I am the first CTO for Le-Vel, so this afforded me a unique situation where I was able to actually build the team from the ground up.  There was no other technology team in place. That was a very exciting opportunity for me to rethink how IT can be more effective, more efficient, leaner, and execute faster than traditional IT shops.   

The number one skill, in my opinion, is integrity. It’s the foundation on which everything is built, so if you lack integrity you can’t, as a leader, build a team that has morals or practices good ethics. 

Be very personable and likable.  Nobody likes somebody who’s humdrum.  They want to see people who are excited and engaged to be there.

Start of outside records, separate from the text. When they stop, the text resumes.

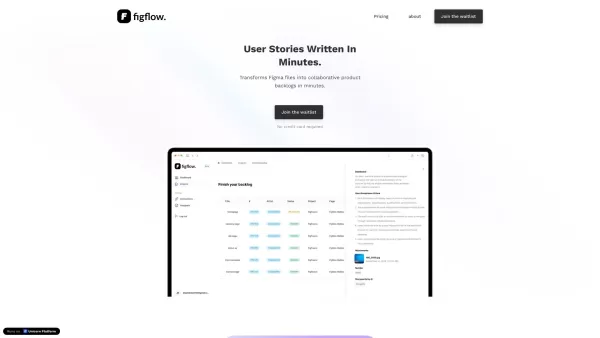 Figflow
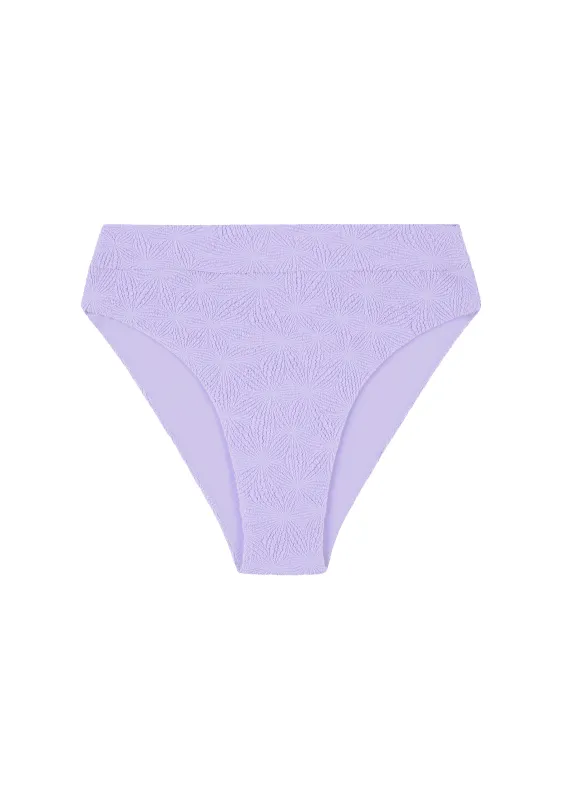 Hubert Bottom | Lavender sold by Fella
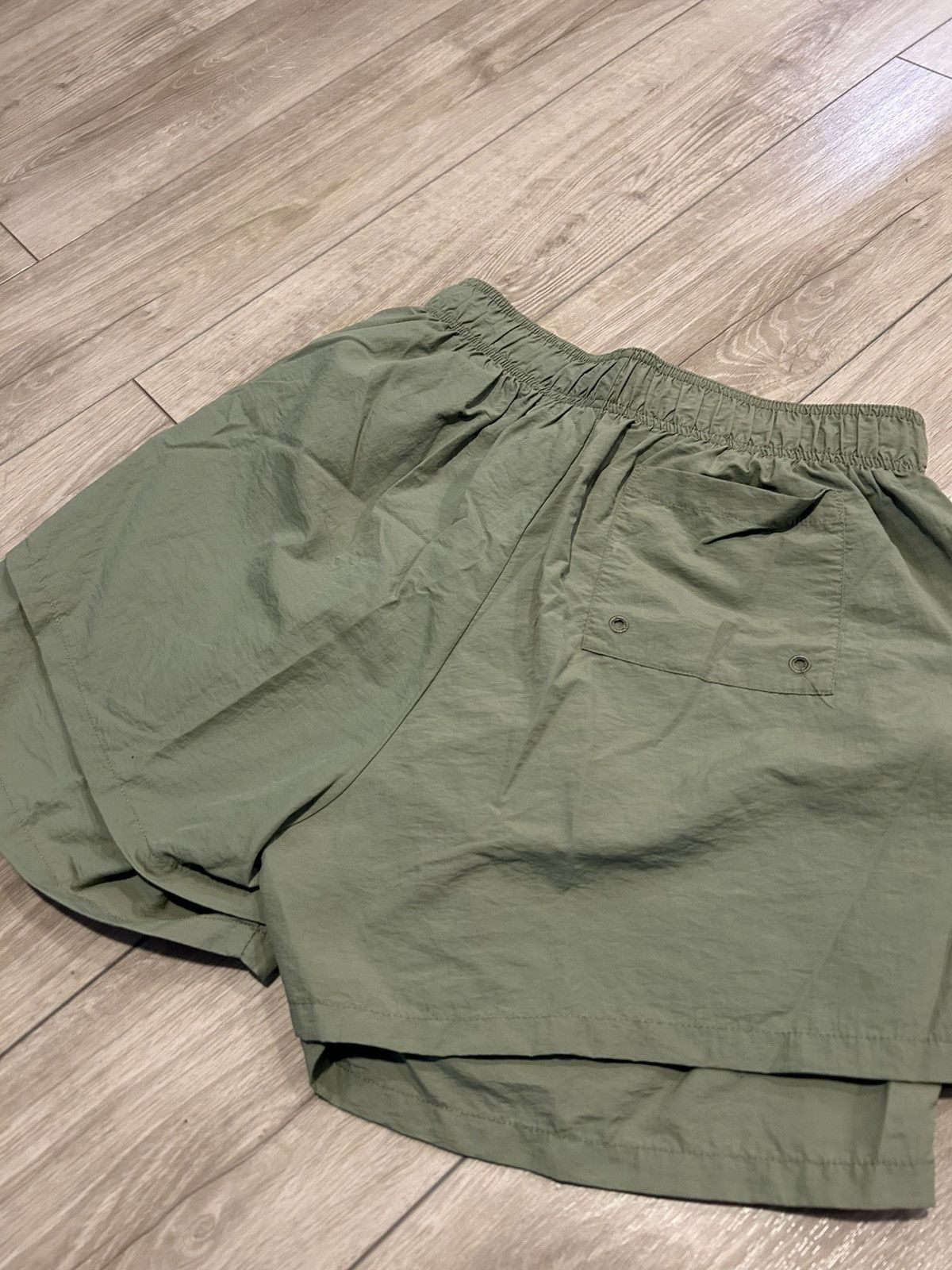 Sp5der Sp5der OG Web Double Layer Shorts Size US 30 / EU 46 - 5 Thumbnail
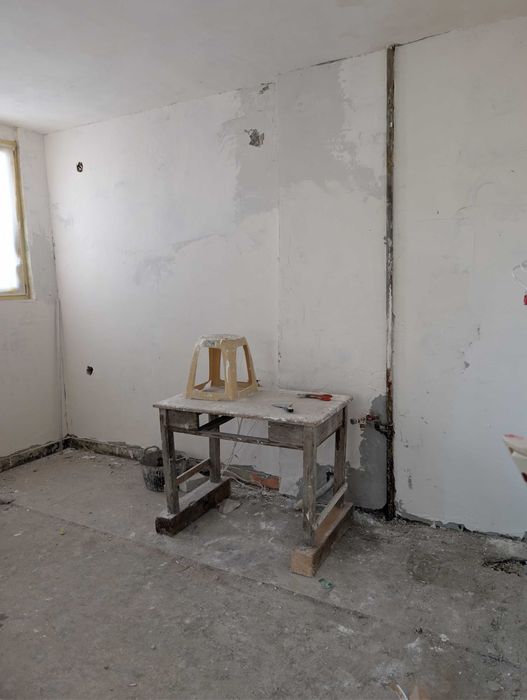 Двустаен апартамент в град Троян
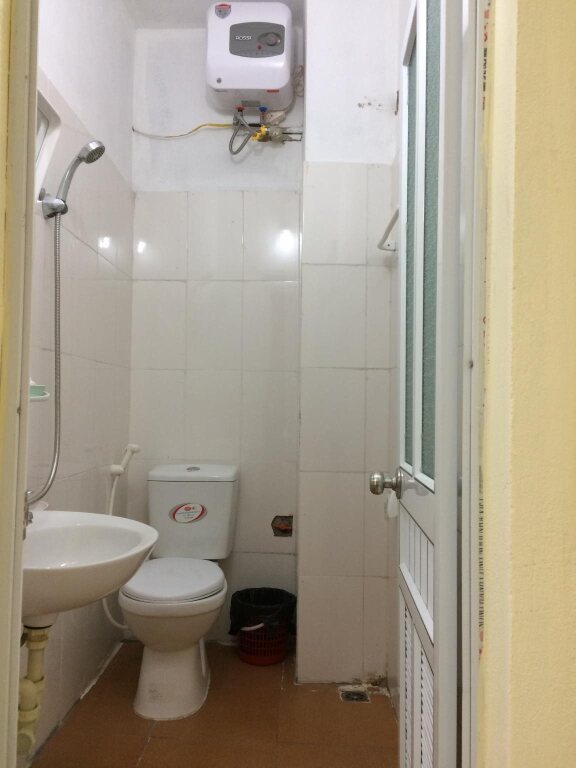 Ханой: Airport Hotel Hanoi Convenient & Friendly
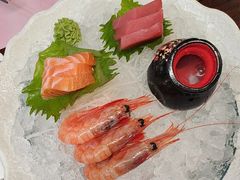 -黑松白鹿(金融街店)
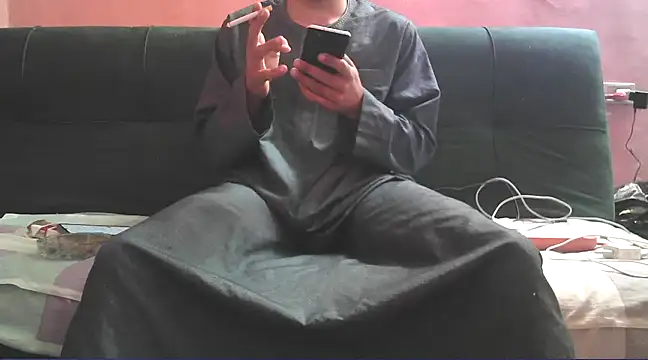 foxsanSs online show from 02-28-25, 10:52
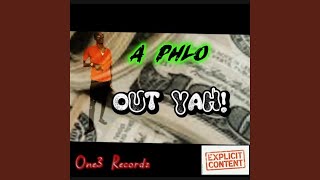 OUT YAH!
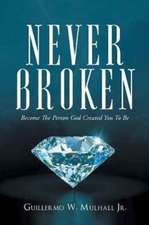 Never Broken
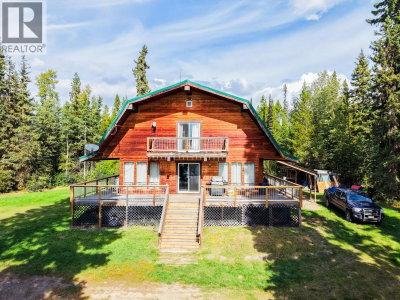 17132 COLLEYMOUNT Road | Burns Lake British Columbia | Slide Image Twenty-five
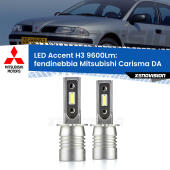 H3: Kit LED Accent 9600LM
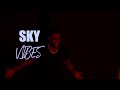 xNEPTUNE - Sky Vibes (Prod. Paryo) [Official  Video]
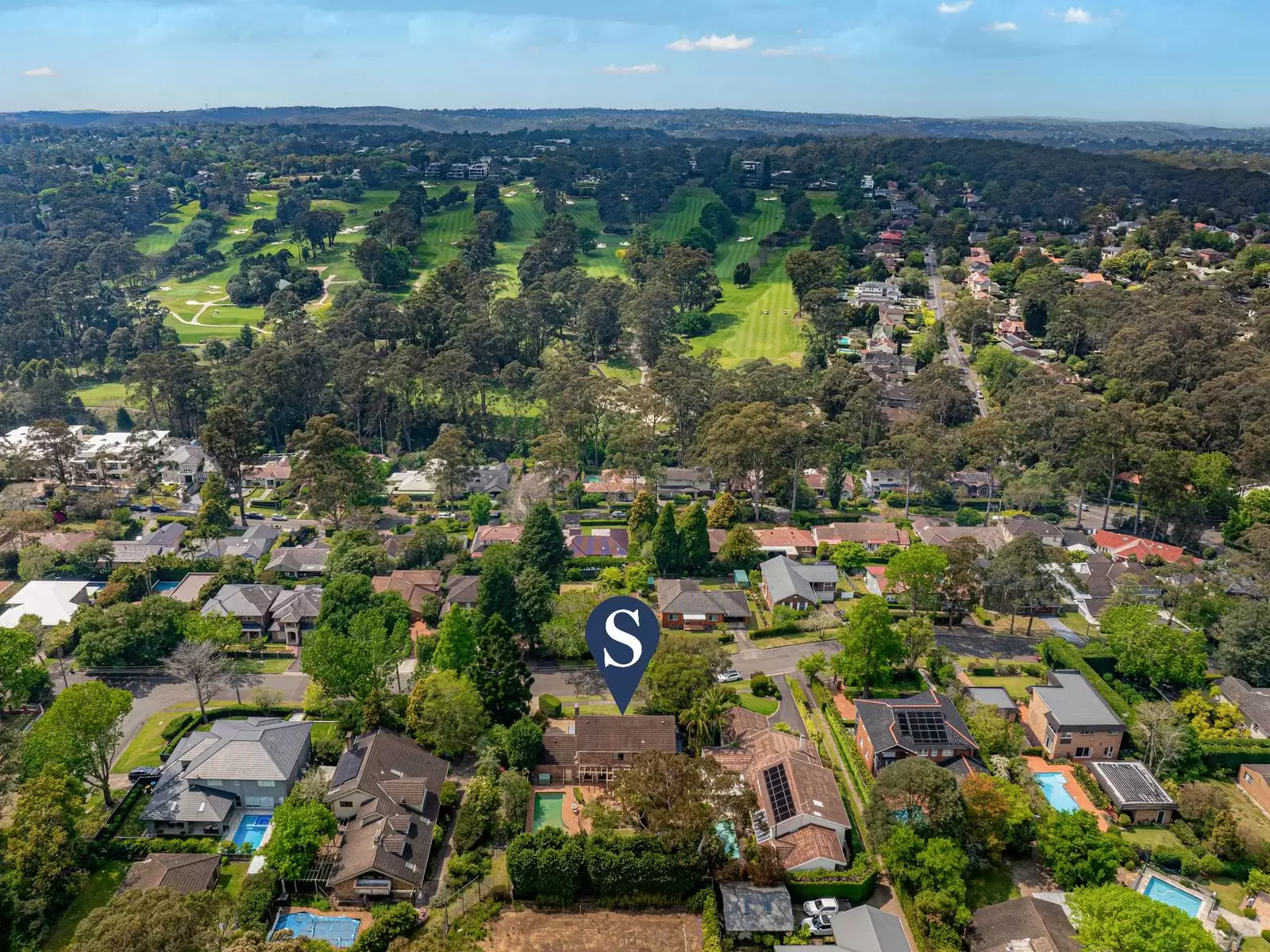 6 Charlton Avenue, Turramurra Sold by Sydney Sotheby's International Realty - image 18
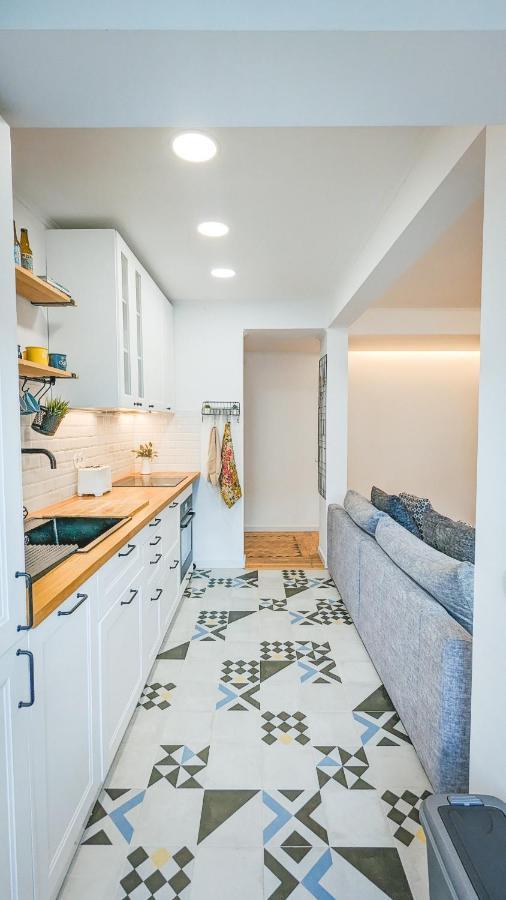 Apartmán Apartejo River Tagus View Povoa de Santa Iria Exteriér fotografie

I had a bunch of really major product releases that were going off, but at the same time I had three different team members who had pretty severe tragedies in their families.  So as a leader you have to weather the transition and allow the company to be successful even when you have things that might be burdening.

If you have a bad attitude in any job, you’ve essentially doomed not only your own career to failure, but your entire team’s motivation and willingness to succeed on your behalf.

You have to be able to get people to be motivated, to yearn for those distant shores, so collectively we as a team can build a boat to get there. Whether that’s a new technology, an engineering feat that’s in front of you, or simply a new… way of interacting with your customer.  You never know what that technological thing is or what that distant shore needs to be for your team, but inspiring them to do that is a critical path in everything that you do.

Embrace your team projects, especially while you’re in class. I think that’s a great way for you to learn – even if you don’t like the other kids or adults that you’re working with. It’s a great way for you to build those soft skills.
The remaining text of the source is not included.